>>

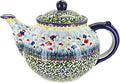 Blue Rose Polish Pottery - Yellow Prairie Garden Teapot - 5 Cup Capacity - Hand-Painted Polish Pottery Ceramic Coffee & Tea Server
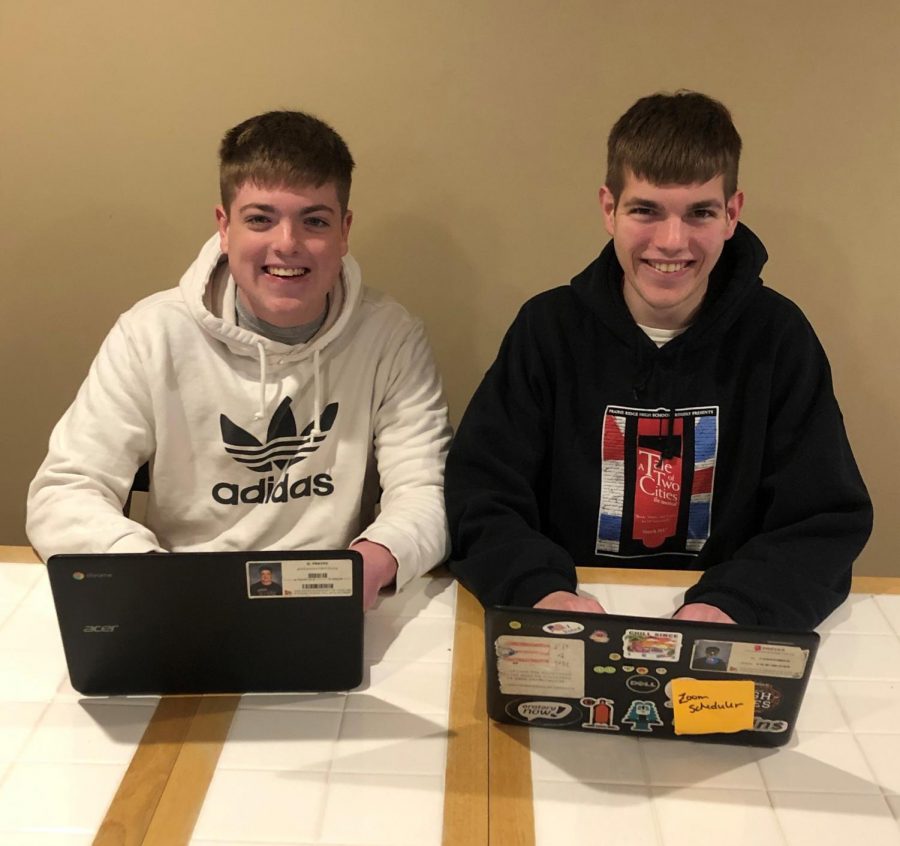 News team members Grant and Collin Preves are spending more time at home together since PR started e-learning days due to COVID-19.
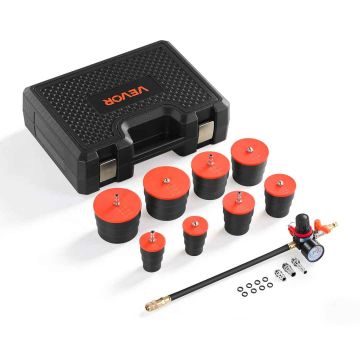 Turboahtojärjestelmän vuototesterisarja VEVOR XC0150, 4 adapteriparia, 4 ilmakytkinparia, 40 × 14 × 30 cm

<<

> [Your task]:
Retype the listing above exactly, please. Pictures do not belong in the copy.

> [Exercise solution]:
 Blue Rose Polish Pottery - Yellow Prairie Garden Teapot - 5 Cup Capacity - Hand-Painted Polish Pottery Ceramic Coffee & Tea Server
 News team members Grant and Collin Preves are spending more time at home together since PR started e-learning days due to COVID-19.
 Turboahtojärjestelmän vuototesterisarja VEVOR XC0150, 4 adapteriparia, 4 ilmakytkinparia, 40 × 14 × 30 cm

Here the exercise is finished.